If you fancy a bevy on the Barbados beach after a long day WFH, make sure you stick up. Just in case.


----------



## Peanuts20 (15 Oct 2020)

Remote working brings a whole raft of challanges for companies. For example, ergonomics and Health and Safety of the employee, only a matter of time before someone ends up suing their employer because they were told work from home, no H&S assessment was done, no proper chair/desk/screen provided and they end up with back issues and sue as a result. Onboarding and training staff is a nightmare if they are working from home. Monitoring outcomes and performance is also far more difficult as well as team management and communication to staff. It's not the panacea that many companies think it will be.


----------



## joe sod (24 Oct 2020)

Purple said:


> Now that so many (all?) of the companies in the Silicone Docks, IFSC and similar around the country is working from home why can't home be India or China or Poland or wherever?


Sure that has already happened, there hasn't been too much media focus on it but Google's most international work force went "home" to brazil and Europe mainly. It only made the news when Google told them they had to be back in Dublin by December for tax and other reasons to be considered "irish" workers. I think anyone from India, China would probably have stayed put as the big reason for getting a job with Google in Dublin is to live in Europe and a job with Google is the passport for that.
But it is plainly obvious that Dublin city is clearly suffering because suddenly all these people are gone, it is much more affected than other european cities because of the concentration of US tech in the city.


----------



## MugsGame (24 Oct 2020)

I completely agree on the ergonomics and home office setup, but couldn't disagree more on this


> Monitoring outcomes and performance is also far more difficult as well as team management and communication to staff.
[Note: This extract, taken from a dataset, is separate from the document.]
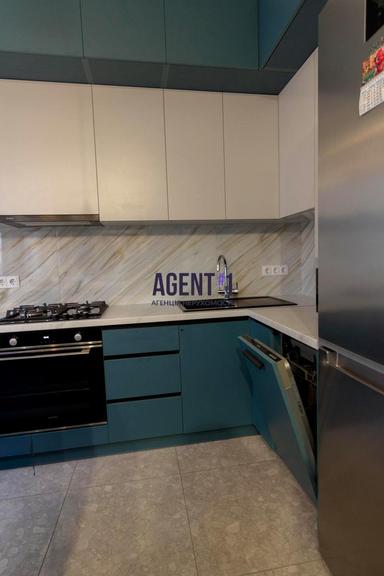 1-комнатная квартира по адресу ул. Оксамытова (площадь 40 м²) - Atlanta.ua - фото 15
Having had remote managers for the last decade and managed teams spread across three continents, it's perfectly possible to assess performance based on output and impact. It does require a different approach, but it's very possible. Most multinationals would already be very well experienced at this.


----------



## ArthurMcB (24 Oct 2020)

Not only is it possible its standard fare in a lot of orgs. Its also the norm. Teams are global regardless whether they work from home or office. Managers dont need to be physically beside team in order to assess output/performance. Its all online. Wfh is not a new concept its embedded in  alot of orgs and it works well.


----------